▸ Exercise instructions:
Could you write out exactly, and only, the lines from the one containing "762 Jacks Ridge Road Mckee KY 40447" through the last line of the data, leaving out all pictures?

Data extracts: Begin

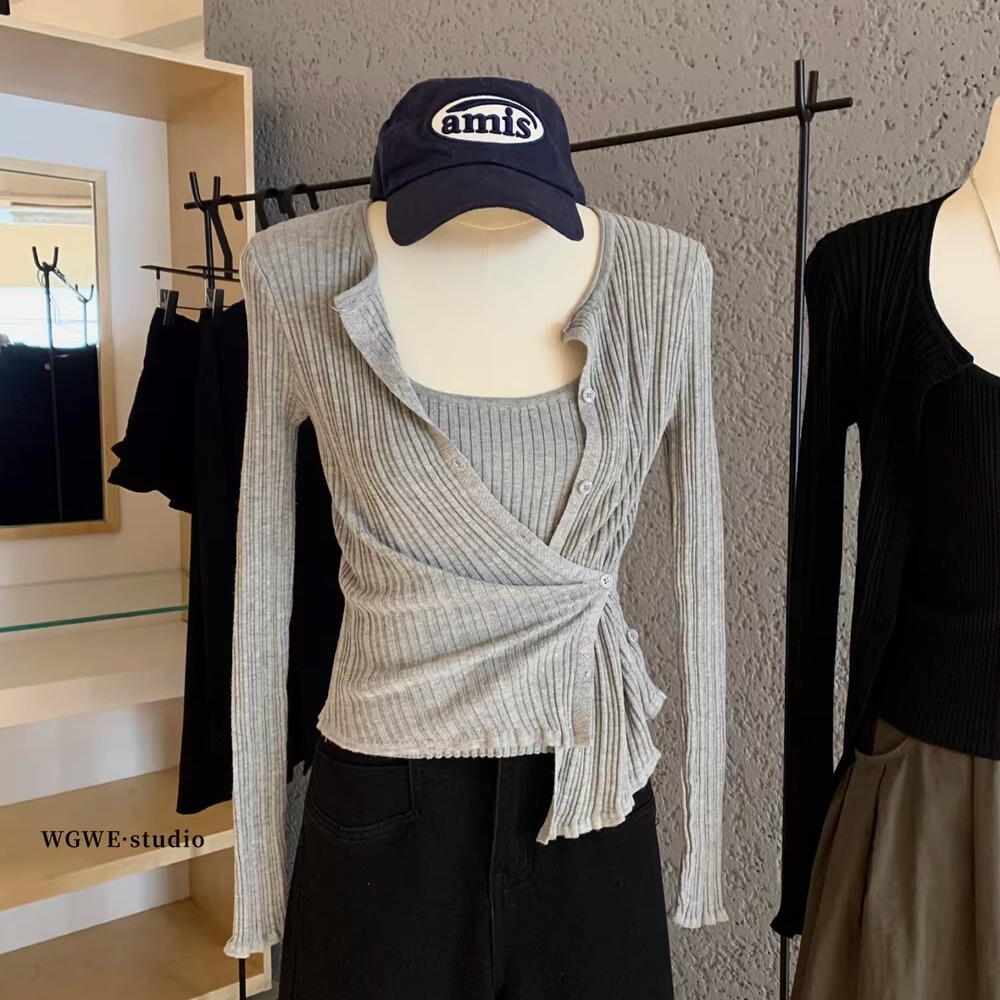 内搭吊带背心+长袖针织开衫整套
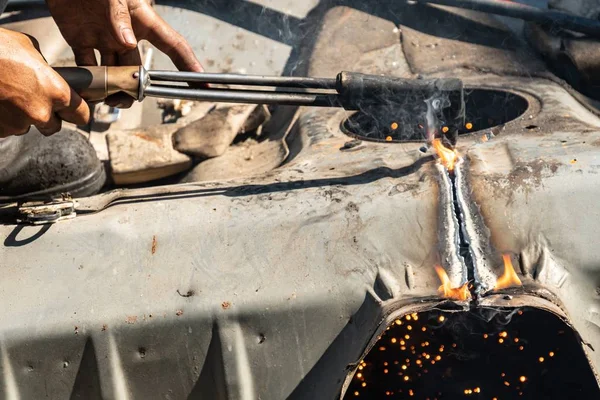 Oxy-Fuel Cutting Torch to cutting car for metal recycling — Stock Photo, Image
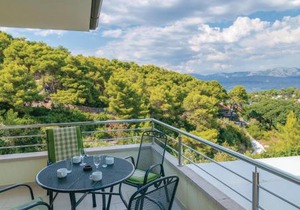 Amazing Home In Supetar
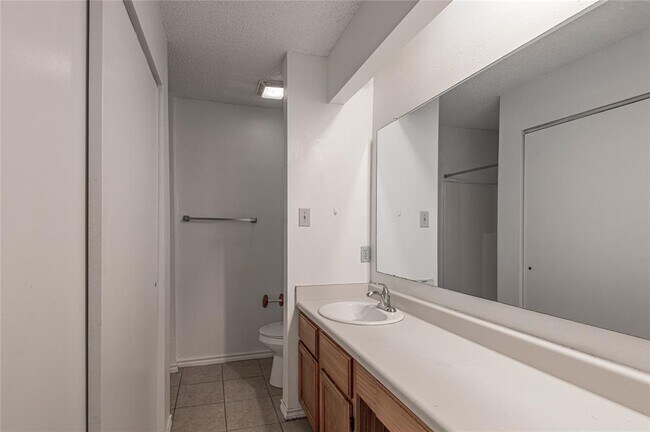 Building Photo - 1228 Ave O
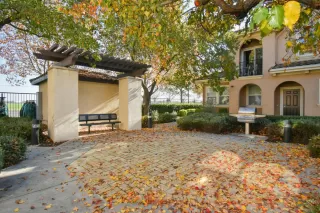 Photo #1: 221150169 Listing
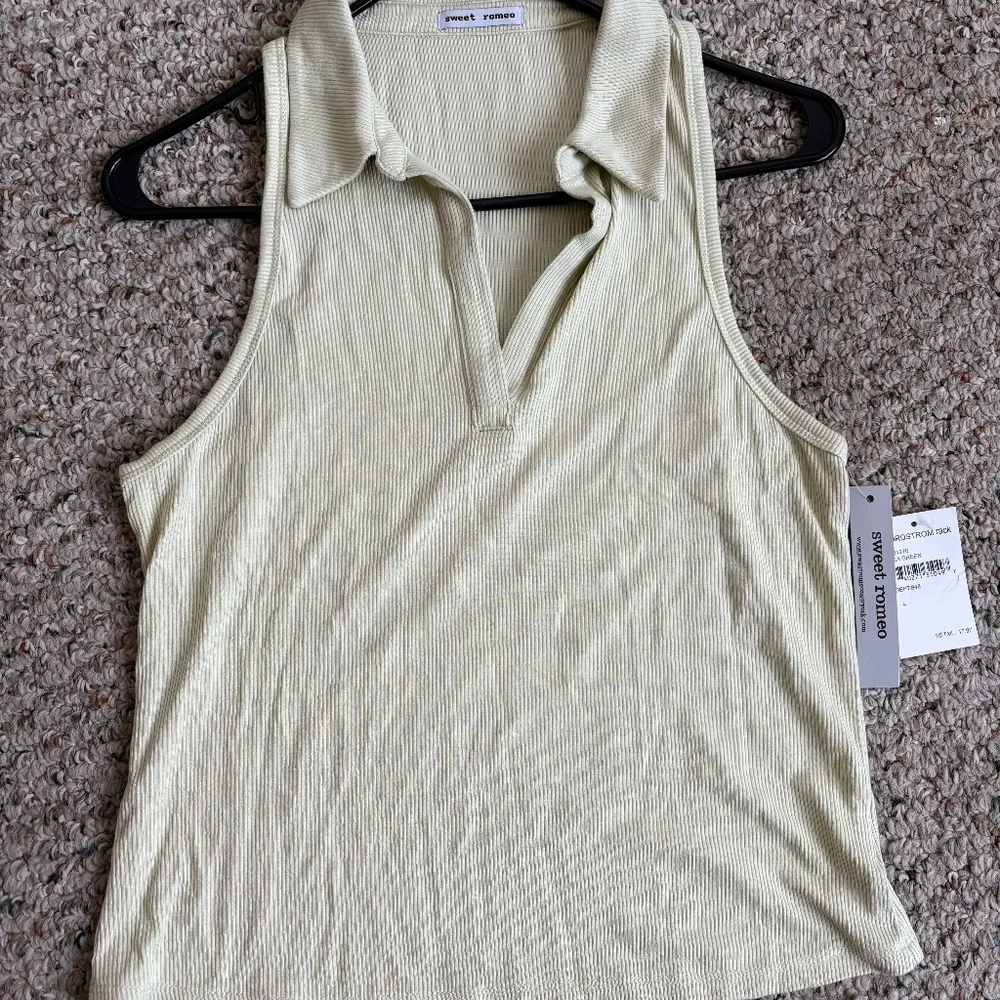 SLEEVELESS TOP - Picture 1 of 2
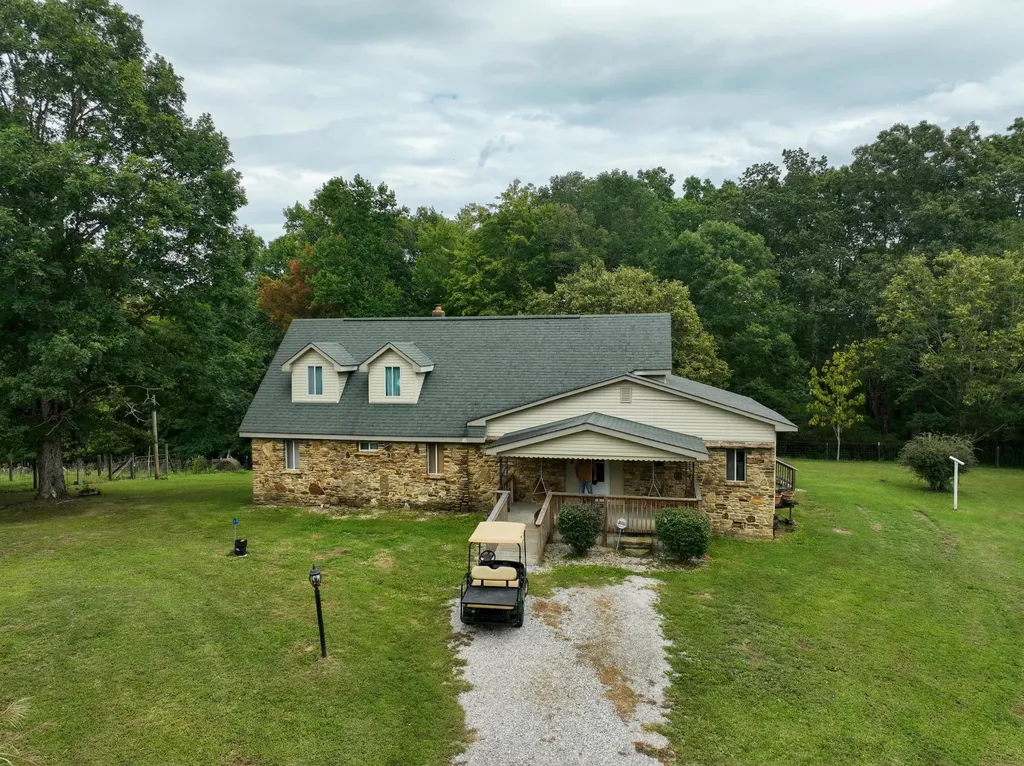 762 Jacks Ridge Road Mckee KY 40447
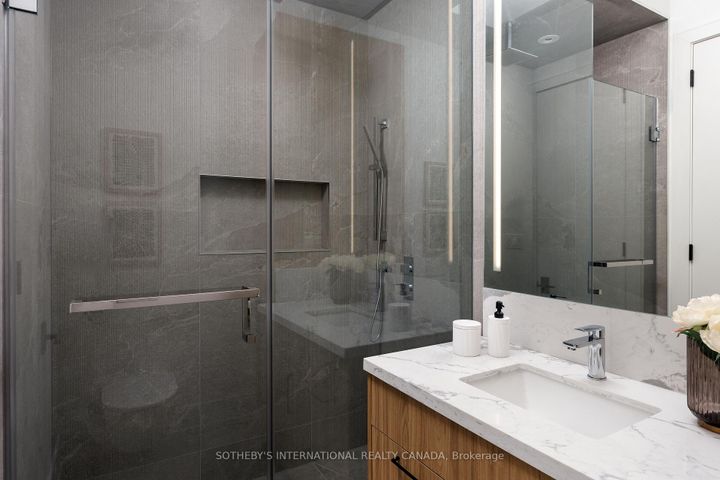 Photo 36 at 30 Orchard Crescent, Queensway, Toronto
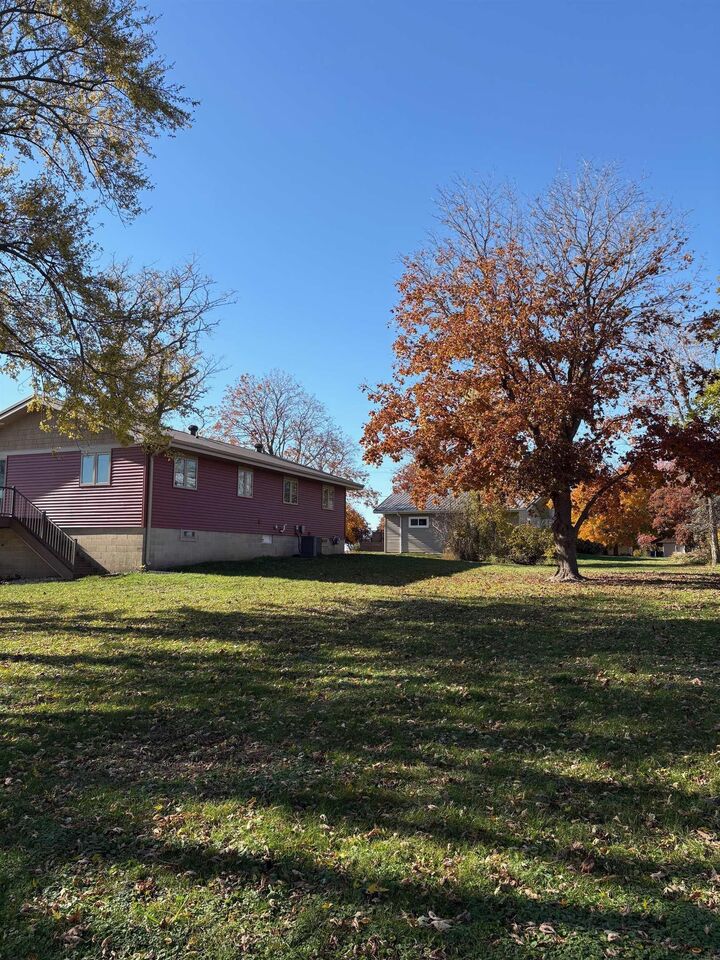 Property Photo:  402 Pfaltzgaff St  IA 50602 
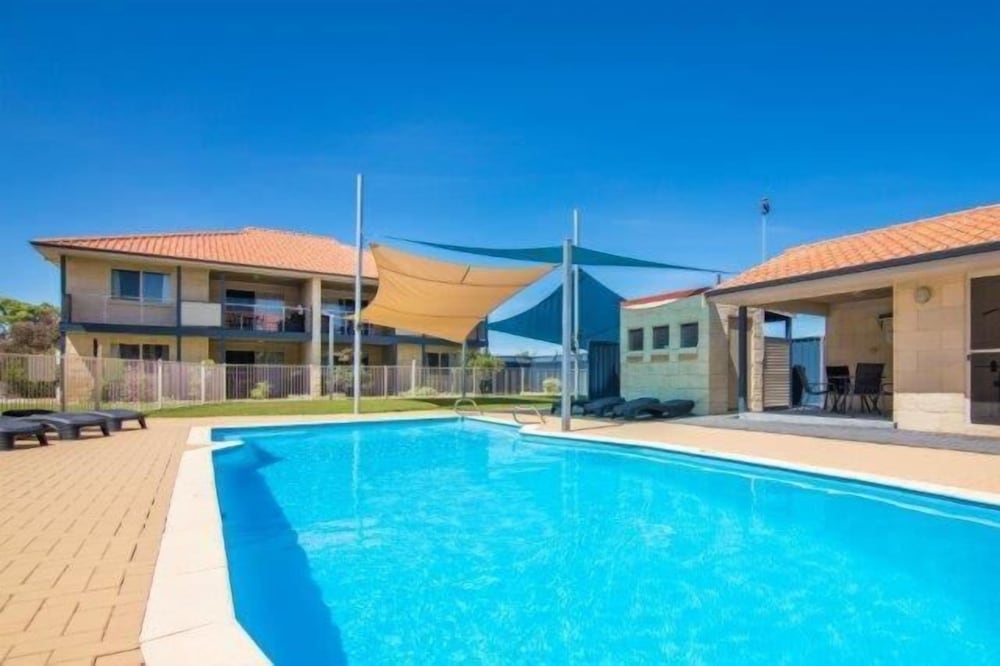 Cervantes Pinnacles Motel 42/42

Data extracts: End

▸ Result of the exercise:
 762 Jacks Ridge Road Mckee KY 40447
 Photo 36 at 30 Orchard Crescent, Queensway, Toronto
 Property Photo:  402 Pfaltzgaff St  IA 50602 
 Cervantes Pinnacles Motel 42/42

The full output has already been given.